What is being asked =
Omit the pictures. Transcribe exactly the lines below, from the one with "Filatura Di Crosa" up to and including the last.

Provided records =
● ● ●

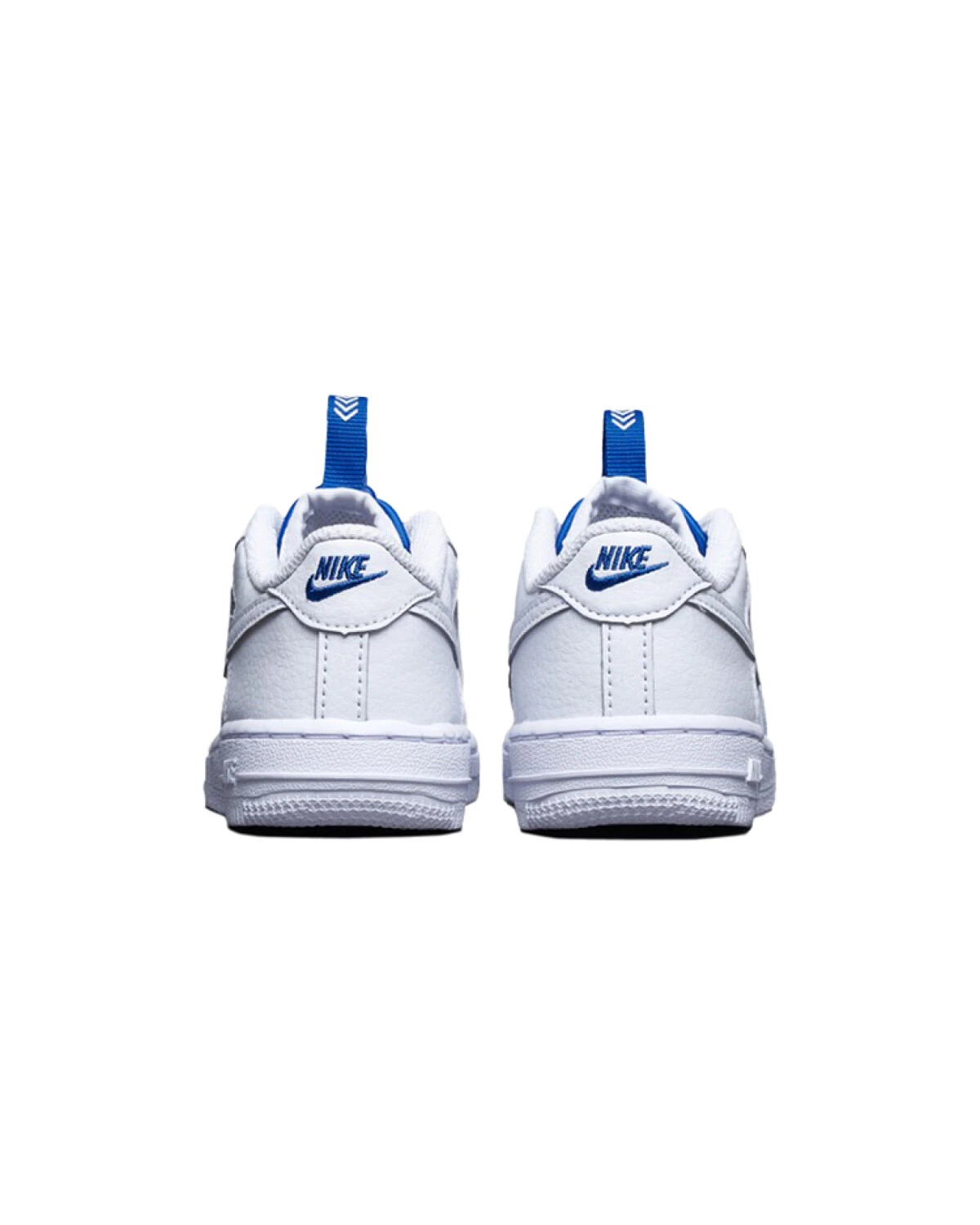 Nike Air Force 1 Toggle детские кроссовки бело-голубые на липучке картинка
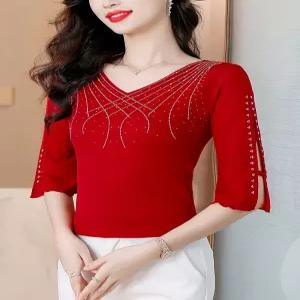 여성 라인댄스복 7부 댄스복 메쉬 소매 무용 프릴 반짝이 사교 레이스 상의 차밍 블라우스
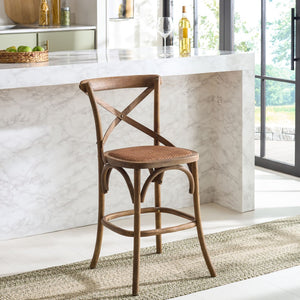 Safavieh Franklin Counter Stool - Timeless X-Back Design, Distressed Finish, Perfect For Kitchen Or Dining Spaces Weathered Grey AMH9504D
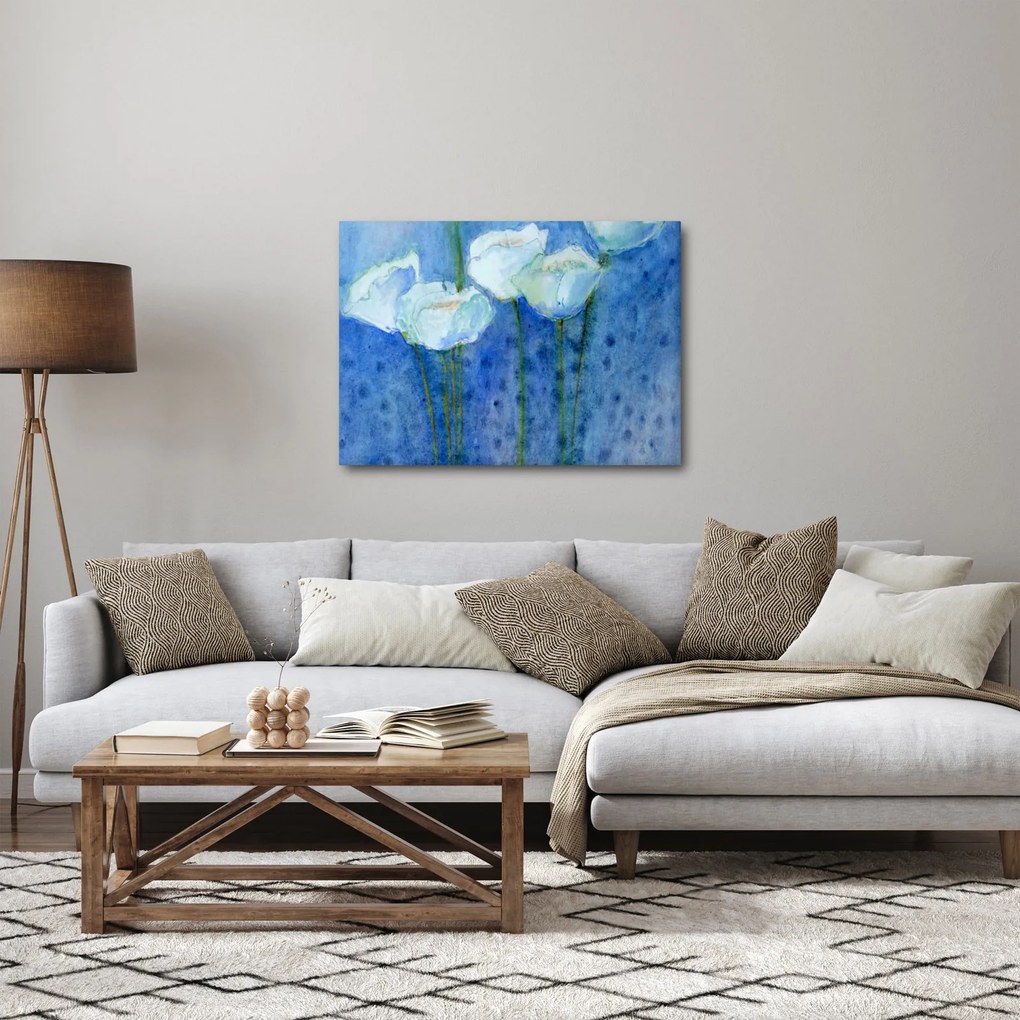Obraz - Biele tulipány (70x50 cm)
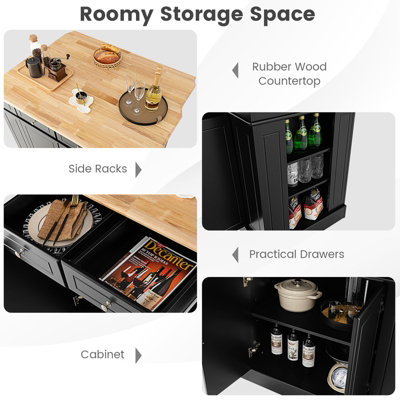 Costway Kitchen Island Storage Cupboard W/ Drop Leaf Countertop & Side Racks 2-Door Cabinet - 3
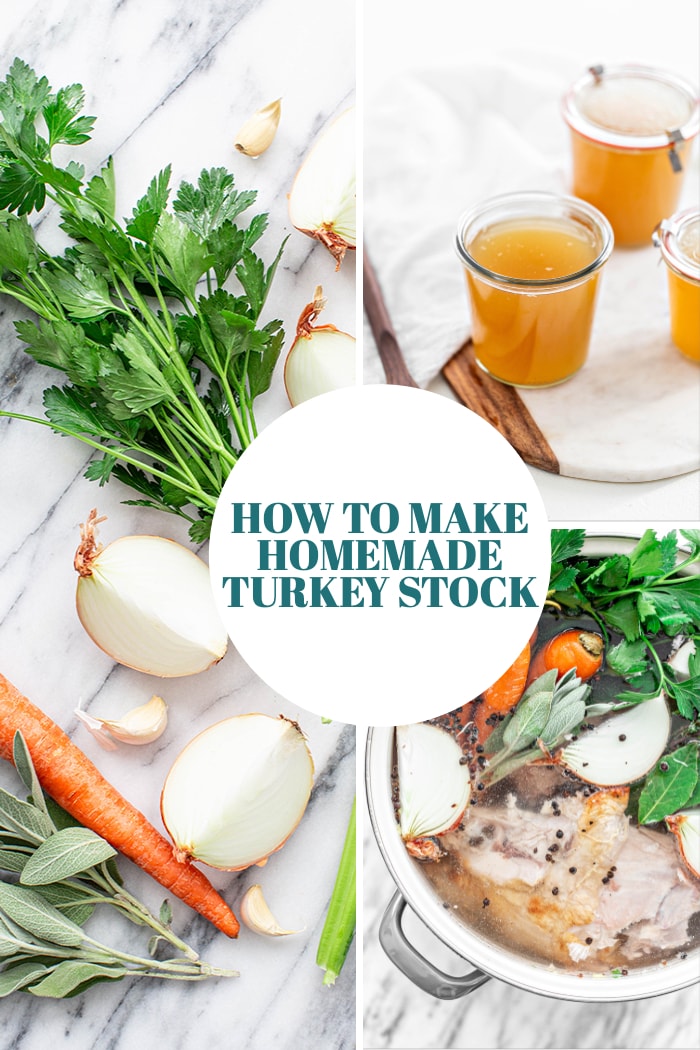 photo collage of steps to make turkey stock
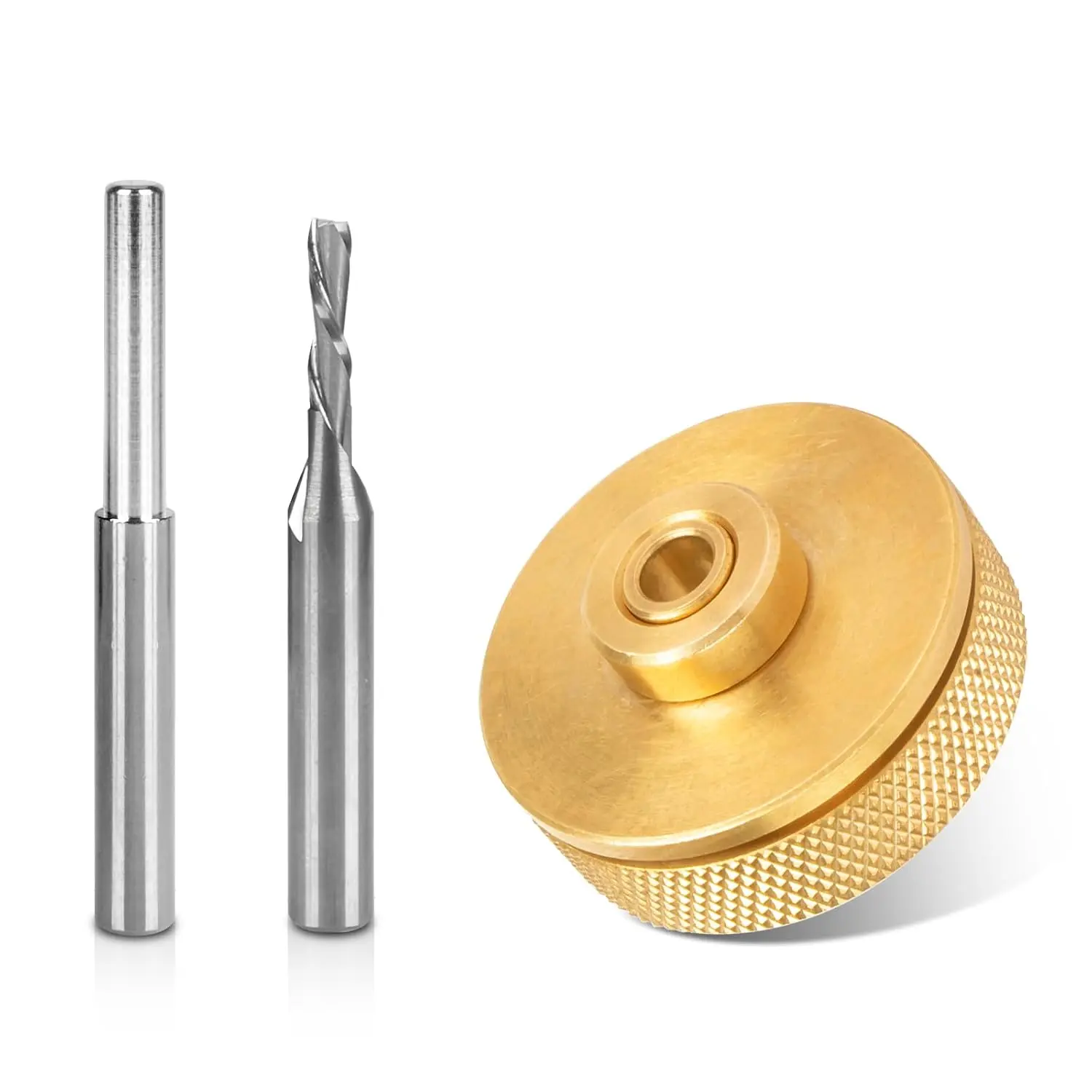 71333 Inlay Router Bit Bushing Set for 1/4 Templates High RPM Routing, Includes 1/8" Carbide Spiral Bit + 1/4 Shank -  Quick Change Bushing, Retainer Nut, , Alignment Pin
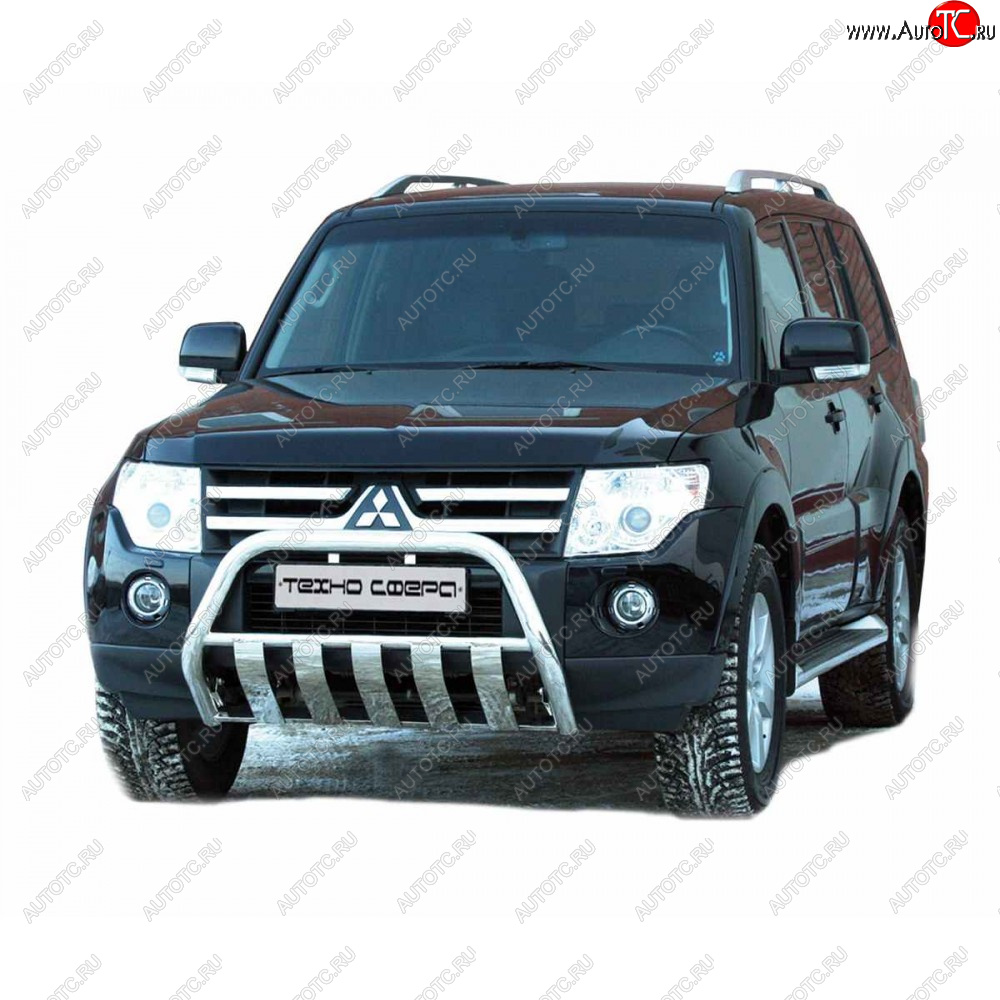 11 399 р. Передок плоский крашенная d63.5, Техно Сфера  Mitsubishi Pajero ( 4 V90,  4 V80) (2006-2020) дорестайлинг, дорестайлинг, 1-ый рестайлинг, 3 дв. 1-ый рестайлинг, 2-ой рестайлинг (Черный матовый)  с доставкой в г. Горно‑Алтайск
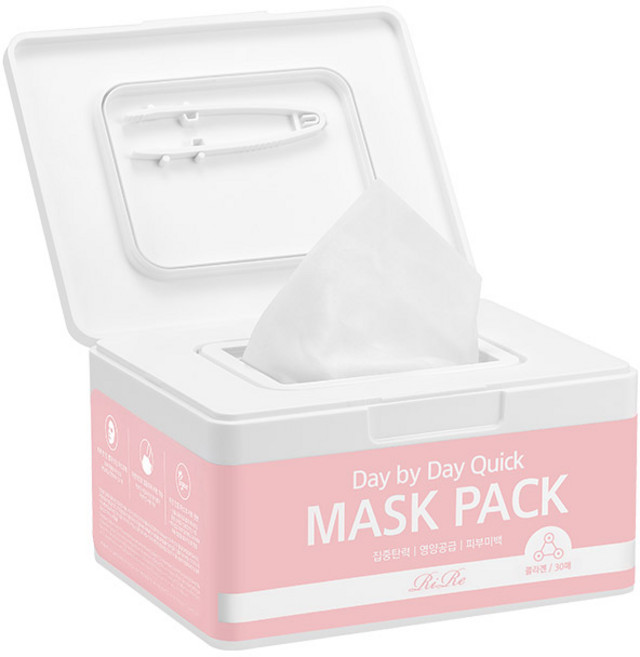 RiRe Day by Day Quick膠原蛋白面膜, 30片, 1盒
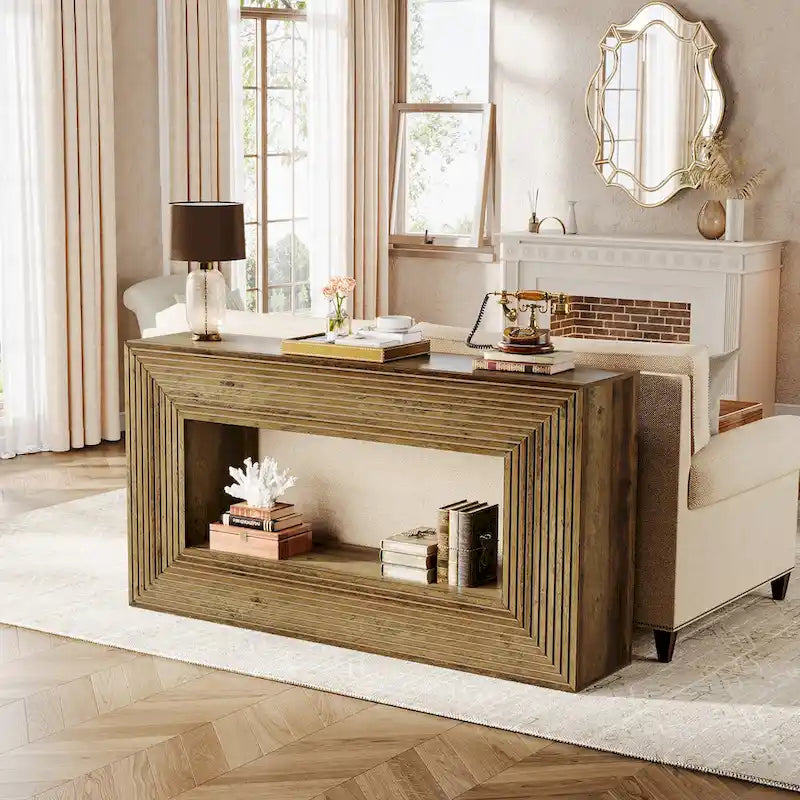 Mesa consola de 59 pulgadas con diseño estriado y estante de almacenamiento
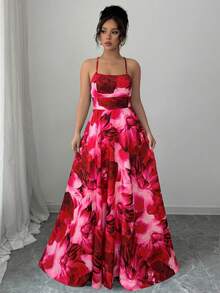 Elenzga Damen Kleid mit Tintendruck und Kreuzgurten - Rot - Übersicht 5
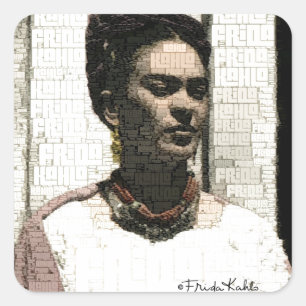 Adesivo Quadrado Retrato de matéria têxtil de Frida Kahlo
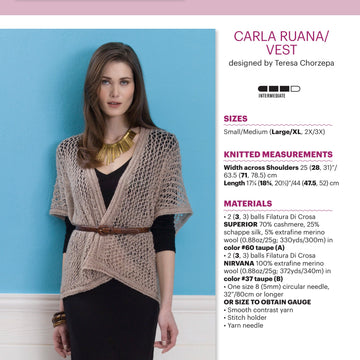 Filatura Di Crosa Carla Ruana Vest Cardigan Knitting Pattern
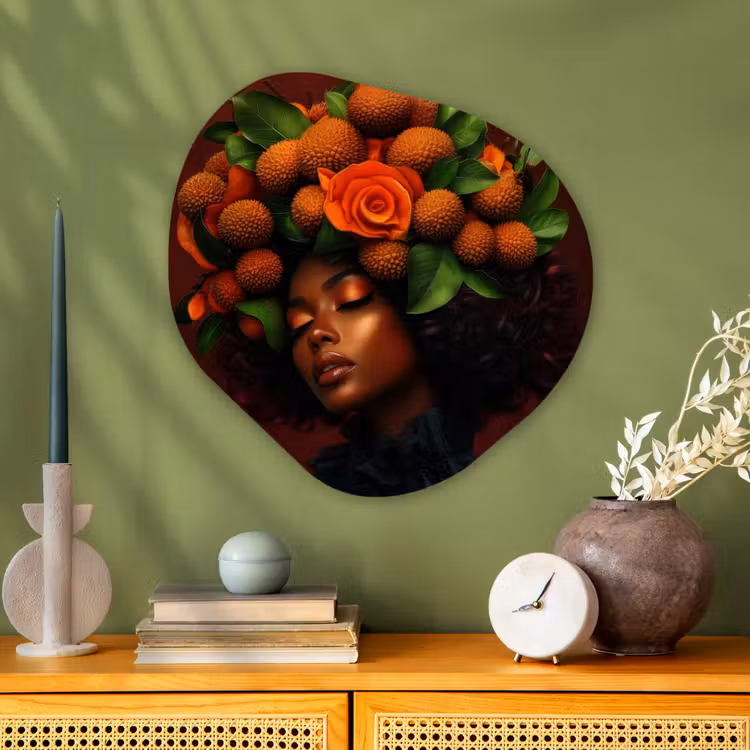 Vrouw - lychee - exotisch Wandcirkel Organisch Aluminium middel -sfeer2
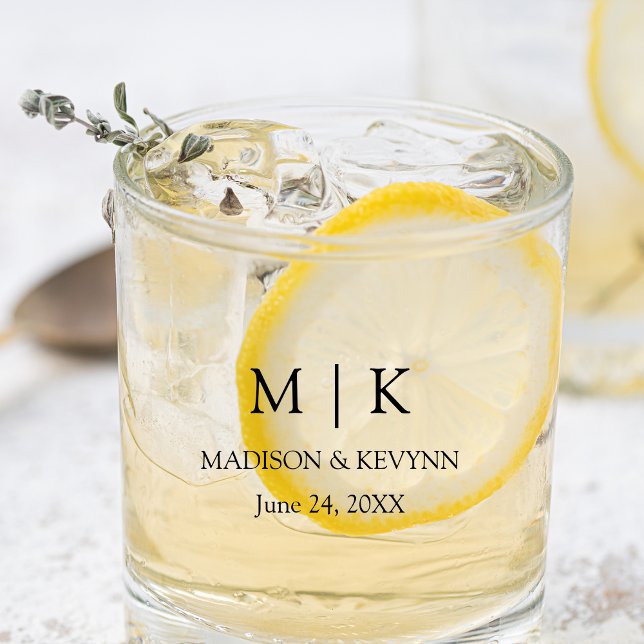 Vaso De Whiskey Boda de monograma Minimalista moderno (Several styles to choose from.)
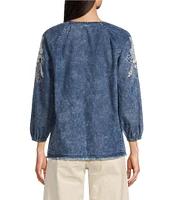 Reba Nell Chambray Split Neck 3/4 Blouson Sleeve Embroidered Blouse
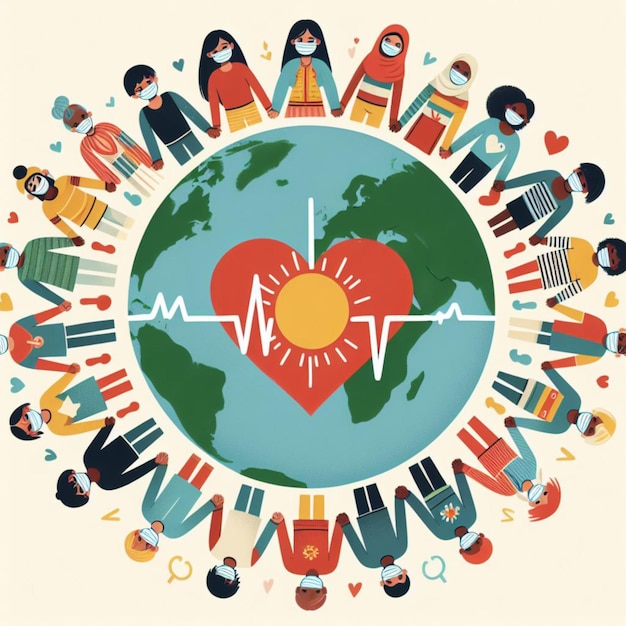 Foto giornata mondiale della salute clipboard con stetoscopio heart planet earth maschera medica e pillole in luce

● ● ●

Exercise result =
 Filatura Di Crosa Carla Ruana Vest Cardigan Knitting Pattern
 Vrouw - lychee - exotisch Wandcirkel Organisch Aluminium middel -sfeer2
 Vaso De Whiskey Boda de monograma Minimalista moderno (Several styles to choose from.)
 Reba Nell Chambray Split Neck 3/4 Blouson Sleeve Embroidered Blouse
 Foto giornata mondiale della salute clipboard con stetoscopio heart planet earth maschera medica e pillole in luce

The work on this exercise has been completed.